(Available data)

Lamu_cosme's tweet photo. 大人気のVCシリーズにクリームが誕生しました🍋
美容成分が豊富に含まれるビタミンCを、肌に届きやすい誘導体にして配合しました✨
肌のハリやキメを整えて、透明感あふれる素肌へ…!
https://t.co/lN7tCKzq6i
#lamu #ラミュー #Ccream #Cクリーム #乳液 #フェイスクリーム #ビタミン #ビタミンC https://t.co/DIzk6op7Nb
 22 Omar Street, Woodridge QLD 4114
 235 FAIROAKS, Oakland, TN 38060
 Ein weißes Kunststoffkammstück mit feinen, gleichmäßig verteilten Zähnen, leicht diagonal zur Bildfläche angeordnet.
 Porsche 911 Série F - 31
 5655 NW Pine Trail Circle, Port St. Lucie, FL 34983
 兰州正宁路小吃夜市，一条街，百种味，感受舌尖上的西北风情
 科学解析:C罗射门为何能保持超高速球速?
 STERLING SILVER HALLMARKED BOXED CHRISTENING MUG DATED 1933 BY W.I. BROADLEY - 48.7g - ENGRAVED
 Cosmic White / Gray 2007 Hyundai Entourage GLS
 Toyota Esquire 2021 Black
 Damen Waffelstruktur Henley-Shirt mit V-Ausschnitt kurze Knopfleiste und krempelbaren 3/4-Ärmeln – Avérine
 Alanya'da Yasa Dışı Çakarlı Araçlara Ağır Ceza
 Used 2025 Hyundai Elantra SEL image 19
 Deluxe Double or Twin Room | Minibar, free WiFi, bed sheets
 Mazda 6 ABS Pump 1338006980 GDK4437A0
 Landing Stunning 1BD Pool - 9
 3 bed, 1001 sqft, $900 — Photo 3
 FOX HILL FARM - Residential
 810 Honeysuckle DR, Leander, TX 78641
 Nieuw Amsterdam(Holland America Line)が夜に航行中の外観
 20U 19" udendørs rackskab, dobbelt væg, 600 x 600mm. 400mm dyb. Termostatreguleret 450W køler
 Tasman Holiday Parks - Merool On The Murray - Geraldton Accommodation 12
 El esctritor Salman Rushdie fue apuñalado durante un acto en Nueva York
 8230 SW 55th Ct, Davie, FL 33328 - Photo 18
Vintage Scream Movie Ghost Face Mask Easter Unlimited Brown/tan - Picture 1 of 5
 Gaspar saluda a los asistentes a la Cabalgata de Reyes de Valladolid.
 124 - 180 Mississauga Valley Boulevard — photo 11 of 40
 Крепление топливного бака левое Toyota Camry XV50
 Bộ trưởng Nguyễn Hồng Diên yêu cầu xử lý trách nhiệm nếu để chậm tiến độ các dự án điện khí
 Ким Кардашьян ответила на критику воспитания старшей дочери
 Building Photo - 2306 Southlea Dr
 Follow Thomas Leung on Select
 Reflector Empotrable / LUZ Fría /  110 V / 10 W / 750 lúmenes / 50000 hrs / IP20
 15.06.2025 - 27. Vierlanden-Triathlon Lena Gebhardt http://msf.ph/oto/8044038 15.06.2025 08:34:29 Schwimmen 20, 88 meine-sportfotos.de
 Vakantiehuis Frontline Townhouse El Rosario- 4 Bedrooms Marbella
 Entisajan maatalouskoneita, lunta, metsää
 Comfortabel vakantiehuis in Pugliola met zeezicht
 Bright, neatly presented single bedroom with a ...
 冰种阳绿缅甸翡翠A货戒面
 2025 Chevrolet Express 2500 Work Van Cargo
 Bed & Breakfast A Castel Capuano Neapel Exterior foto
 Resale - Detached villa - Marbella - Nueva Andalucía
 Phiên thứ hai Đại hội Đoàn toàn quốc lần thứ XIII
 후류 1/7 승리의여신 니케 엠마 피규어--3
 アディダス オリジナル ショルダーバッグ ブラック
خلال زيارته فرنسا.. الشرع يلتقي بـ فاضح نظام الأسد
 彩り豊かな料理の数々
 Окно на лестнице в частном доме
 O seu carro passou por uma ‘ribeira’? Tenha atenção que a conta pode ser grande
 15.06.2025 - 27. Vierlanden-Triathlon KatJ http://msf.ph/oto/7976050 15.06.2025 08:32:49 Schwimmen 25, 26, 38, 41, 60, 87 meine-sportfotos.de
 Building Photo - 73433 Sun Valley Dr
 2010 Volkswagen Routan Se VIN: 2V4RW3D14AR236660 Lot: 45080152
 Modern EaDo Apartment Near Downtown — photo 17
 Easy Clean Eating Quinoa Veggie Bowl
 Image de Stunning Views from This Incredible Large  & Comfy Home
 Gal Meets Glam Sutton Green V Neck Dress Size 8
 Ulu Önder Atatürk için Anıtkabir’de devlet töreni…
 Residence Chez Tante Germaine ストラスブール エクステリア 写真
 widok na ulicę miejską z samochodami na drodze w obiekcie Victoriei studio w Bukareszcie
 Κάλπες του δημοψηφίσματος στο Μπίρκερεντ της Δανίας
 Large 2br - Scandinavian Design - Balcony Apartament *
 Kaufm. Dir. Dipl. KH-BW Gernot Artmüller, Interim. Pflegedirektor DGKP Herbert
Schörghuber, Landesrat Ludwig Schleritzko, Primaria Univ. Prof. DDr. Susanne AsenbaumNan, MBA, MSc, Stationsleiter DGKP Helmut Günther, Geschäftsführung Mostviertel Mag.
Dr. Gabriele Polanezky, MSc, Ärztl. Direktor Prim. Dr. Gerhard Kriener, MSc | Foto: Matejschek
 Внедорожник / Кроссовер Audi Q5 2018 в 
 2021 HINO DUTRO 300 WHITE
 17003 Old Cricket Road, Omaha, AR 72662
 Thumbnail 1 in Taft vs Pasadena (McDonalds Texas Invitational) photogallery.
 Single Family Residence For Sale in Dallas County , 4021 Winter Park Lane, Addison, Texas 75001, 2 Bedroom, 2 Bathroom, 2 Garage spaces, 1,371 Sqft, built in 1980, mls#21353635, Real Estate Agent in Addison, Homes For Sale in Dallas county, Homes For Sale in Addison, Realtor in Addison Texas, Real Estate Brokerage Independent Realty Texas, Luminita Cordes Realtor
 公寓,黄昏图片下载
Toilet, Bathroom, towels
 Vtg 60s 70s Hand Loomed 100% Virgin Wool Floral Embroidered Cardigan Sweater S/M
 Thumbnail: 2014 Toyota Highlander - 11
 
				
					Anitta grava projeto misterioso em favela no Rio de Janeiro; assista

(End Available data)

In the listing above, find the line with "Dr. Gabriele Polanezky, MSc, Ärztl." and the line with "Thumbnail 1 in". Output those two lines and every line between them, exactly as written.

Dr. Gabriele Polanezky, MSc, Ärztl. Direktor Prim. Dr. Gerhard Kriener, MSc | Foto: Matejschek
 Внедорожник / Кроссовер Audi Q5 2018 в 
 2021 HINO DUTRO 300 WHITE
 17003 Old Cricket Road, Omaha, AR 72662
 Thumbnail 1 in Taft vs Pasadena (McDonalds Texas Invitational) photogallery.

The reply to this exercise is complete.